06.03.2026 | Starker Sieg gg. den Tabellenzweiten aus Rödgen
(tm)
Natürlich war wieder 6:4 das Ergebnis - wie nun bereits in 9 von 13 unserer Spiele
Spannung ist bei uns also garantiert. Insbesonders heute gab es ein Finale Furioso. Dazu später mehr. Nun aber der Reihe nach:
Rödgens 3. Herren traten mit Bonin, Wagner, Simon und Wilhelm an. Bei uns konnte Tilman weiterin aus gesundheitlichen Gründen nicht aktiv am Tisch mitmischen, er wurde von Jens vertreten.

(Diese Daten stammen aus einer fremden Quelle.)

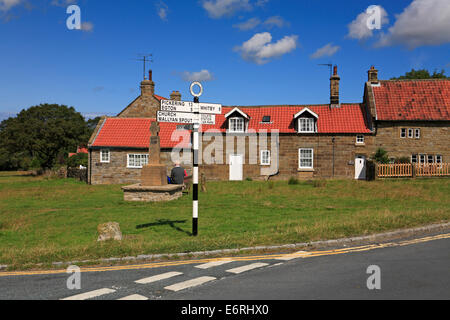 Goathland village green, road signs and war memorial, North Yorkshire, North York Moors National Park, England, UK. Stock Photo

Im Hinspiel gab es für uns trott voller Kapelle eine 2:8 Bruchlandung, was unsere höchste Niederlage der Spielrunde darstellte. Rödgen war demnach nicht nur anhand des Tabellenplatzes (2. Platz) klar favorisiert, auch wenn heute ihre Nr. 1 Haggenmüller (Bilanz: 22:6) fehlte.
Unsere Doppelschwäche aus der Vorrunde scheint ein wenig überwunden, denn wir starteten super ins Spiel und holten beide Doppel (Axel/Mario 3:2 Wagner/Simon & Tim/Jens 3:1 Bonin/Wilhelm). Das war schon mal ein dickes Faustpfand für uns, das war uns allen bewusst.
Im vorderen Paarkreuz dann zwei relativ klare Angelegenheiten: Axel gewann ohne Satzverlust gg. Wagner, während Mario Bonin leider nur einen Satz abnehmen konnte.
Im hinteren Paarkreuz war es ähnlich klar: Tim nicht schön, aber taktisch klug gg. Wilhelm mit 3:1 erfolgreich, Jens konnte gg. Simon (Rundenbilanz bis dato ebenso 22:6) allerdings nichts ausrichten - 0:3.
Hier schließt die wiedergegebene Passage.